As inflorescências do tipo monopodiais, também chamadas de racemosas ou indefinidas, podem ser divididas em simples e composta. Apresentam como característica um eixo principal dominante com crescimento indeterminado. As inflorescências monopodiais simples podem ser classificadas como: cacho, onde as flores de um único eixo se abrem em direção ao ápice, tipo que ocorre na planta boca-de-leão; espiga, que são similares ao cacho, porém as flores não possuem pedicelo e o eixo pode ser rígido como no copo-de-leite ou flexível, como observado em espécies da família Euphorbiaceae; umbela, que é uma variação do tipo cacho, em que as flores se agrupam em um único ponto do eixo da inflorescência, tendo como exemplo as inflorescências do gerânio; capítulo, uma modificação do tipo espiga, em que as flores estão localizadas apenas na porção dilatada do eixo da inflorescência, além de apresentar estruturas ao redor que desempenham um papel protetor similar às sépalas, como ocorre nas flores da margarida e do girassol.

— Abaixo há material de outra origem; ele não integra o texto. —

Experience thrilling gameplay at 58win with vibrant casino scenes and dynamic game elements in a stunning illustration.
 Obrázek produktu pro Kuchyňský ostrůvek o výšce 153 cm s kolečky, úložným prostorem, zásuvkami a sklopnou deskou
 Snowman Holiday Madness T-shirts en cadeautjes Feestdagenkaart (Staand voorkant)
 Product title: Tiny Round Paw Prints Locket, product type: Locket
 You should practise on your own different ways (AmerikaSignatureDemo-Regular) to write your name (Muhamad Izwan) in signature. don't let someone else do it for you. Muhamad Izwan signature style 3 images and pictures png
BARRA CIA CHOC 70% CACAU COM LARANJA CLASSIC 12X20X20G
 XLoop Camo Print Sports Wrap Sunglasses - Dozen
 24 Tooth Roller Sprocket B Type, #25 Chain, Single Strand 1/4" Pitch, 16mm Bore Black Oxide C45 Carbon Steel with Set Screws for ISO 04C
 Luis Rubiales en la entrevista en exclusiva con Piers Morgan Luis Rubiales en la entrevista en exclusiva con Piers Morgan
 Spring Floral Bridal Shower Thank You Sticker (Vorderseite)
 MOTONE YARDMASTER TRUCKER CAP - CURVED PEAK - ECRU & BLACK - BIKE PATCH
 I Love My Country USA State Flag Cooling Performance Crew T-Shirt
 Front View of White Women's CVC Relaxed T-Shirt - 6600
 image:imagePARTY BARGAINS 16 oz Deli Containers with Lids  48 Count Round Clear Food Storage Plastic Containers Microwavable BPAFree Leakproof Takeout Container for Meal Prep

O grupo das inflorescências monopodiais compostas engloba dois tipos. A inflorescência do tipo panícula apresenta um eixo principal com eixos secundários que formam flores com pedicelos, estando presentes nas flores do falso-flamboyant e na manga. Já a inflorescência umbela composta também possui um eixo central do qual partem eixos secundários, porém em cada um deles se formam nove umbelas, sendo característico das flores da erva-doce.

Nas inflorescências simpodiais, também chamadas de cimosas, cimeiras ou definidas, estão presentes diversos eixos com crescimento determinado. No final de cada eixo se encontra uma flor. Esse tipo de inflorescência está dividido em duas categorias. A primeira é denominada cimeira unípara ou monocásio, e pode ser subdividida em outras duas classificações: escorpioide ou helicoide. A cimeira unípara escorpioide possui ramos que se desenvolvem sempre do mesmo lado do ramo inicial, tendo como exemplo a inflorescência da planta miosótis-da-china. Já a cimeira unípara helicoide tem o desenvolvimento desigual, crescendo em ambos os lados do ramo inicial e está presente nas flores da palma-de-santa-rita e da cana-da-índia. A cimeira dípara ou dicásio são inflorescências cujo eixo inicial pode terminar em uma flor, porém dele se formam duas gemas que se desenvolvem no ramo lateral e origina uma nova flor cada, e assim sucessivamente, sendo observado nas begônias.

Referências bibliográficas:

Raven, P.; Evert, R.F. & Eichhorn, S.E. 2007. Biologia Vegetal. 7ª ed. Rio de Janeiro: Guanabara Koogan, 830 p.

Souza, L.A. 2009. Morfologia e anatomia vegetal: células, tecidos órgãos e plântula. Ponta Grossa: Ed. UEPG, 259 p.